PARIS: French far-right leader Marine Le Pen said she will never forgive herself for expelling her father Jean-Marie Le Pen from her party, after he died last week aged 96.
Nicknamed “the devil of the Republic” by opponents, Jean-Marie Le Pen was often openly racist, made no secret of anti-Semitic views, for which he received criminal convictions, and boasted of torturing prisoners during the war against Algeria.
Marine Le Pen took over as head of the National Front (FN) in 2011 but rapidly took steps toward making the party an electable force, renaming it the National Rally (RN) and embarking on a policy known as dediabolization (de-demonization).
She slung her father out of the party for his anti-Semitic views in 2015. But the pair had reconciled in recent years.
“I will never forgive myself for this decision, because I know it caused him immense pain,” he told the Journal du dimanche (JDD) newspaper in an interview published on its website late Sunday.
“This decision was one of the most difficult of my life. And until the end of my life, I will always ask myself the question: ‘could I have done this differently?’,” she said.
Jean-Marie Le Pen declared in 1987 that the Nazi gas chambers used to exterminate Jews are “just a detail in the history of World War II.”
In 2014, he said of Patrick Bruel, a Jewish singer critical of Le Pen, that he would be part of “a batch we will get next time.”
Addressing such remarks, Marine Le Pen said: “It’s somewhat unfair to judge him solely on the basis of these controversies.”
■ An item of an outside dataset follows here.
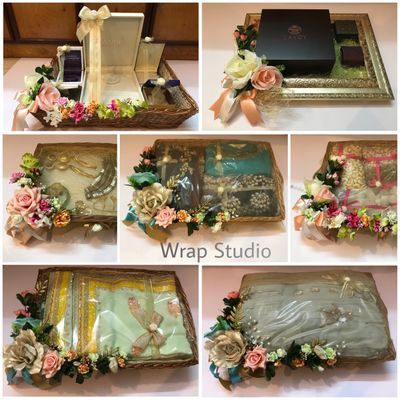 Photo By Wrap Studio - Trousseau Packers Indian Wedding Gifts, Wedding Gift Pack, Creative Wedding Gifts, Bridal Gift Wrapping Ideas, Diy Wedding Backdrop, Marriage Decoration, Desi Wedding Decor, Packing Ideas, Wedding Gifts Packaging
After his long political career, “it is inevitable to have subjects that arouse controversy,” she argued, while saying it was “unfortunate” that Jean-Marie Le Pen “got bogged down in these provocations.”

The interview marked a rare insight from Marine Le Pen into her relationship with her father, who was buried on Saturday in a quiet family ceremony in his home region of Brittany in western France.
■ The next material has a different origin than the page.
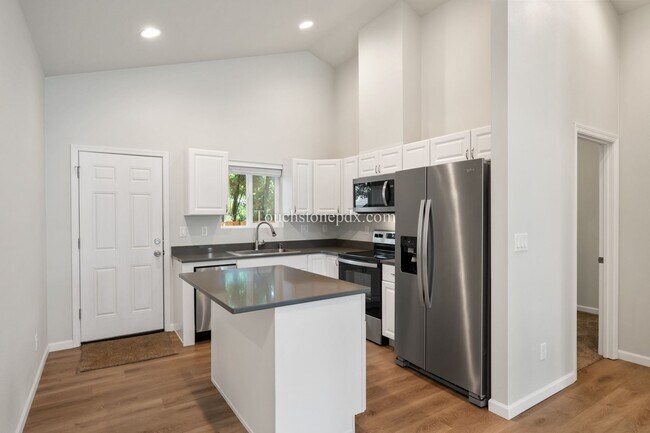 Building Photo - 826 SE 155th Ave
Marine Le Pen, who stood three times for the Elysee and is likely preparing another run in 2027, is extremely discreet about her private and family life.
News magazine Paris Match posted a picture of Marine Le Pen in tears on being informed of the news of her father’s death, but deleted the image following protests from the RN.
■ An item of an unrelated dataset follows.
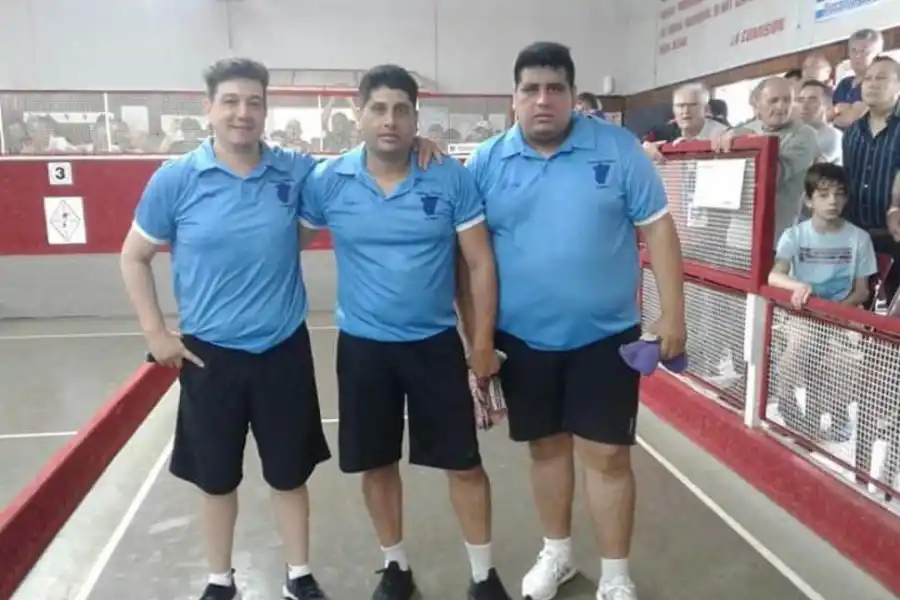 ASCENSO. El mes pasado, Tucumán (Alejandro Pereyra -izquierda- y los Luna) le ganó 15-6 a Santiago y el año que viene disputará con los mejores ocho del país.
Jean-Marie Le Pen’s death was announced to AFP on Tuesday in a statement signed “Le Pen Family.”
But Marine Le Pen, who was on a plane taking her back from the cyclone-ravaged French island of Mayotte to mainland France, only learned of the news afterwards, during a stopover in Nairobi.
Some French media have interpreted this as a sign of conflict within her family and with her two sisters Marie-Caroline and Yann.
“At the time, I didn’t believe it (his death). Then... knowing that he was in very fragile health, I called my sister to find out what was going on. And she was the one who told me,” she said.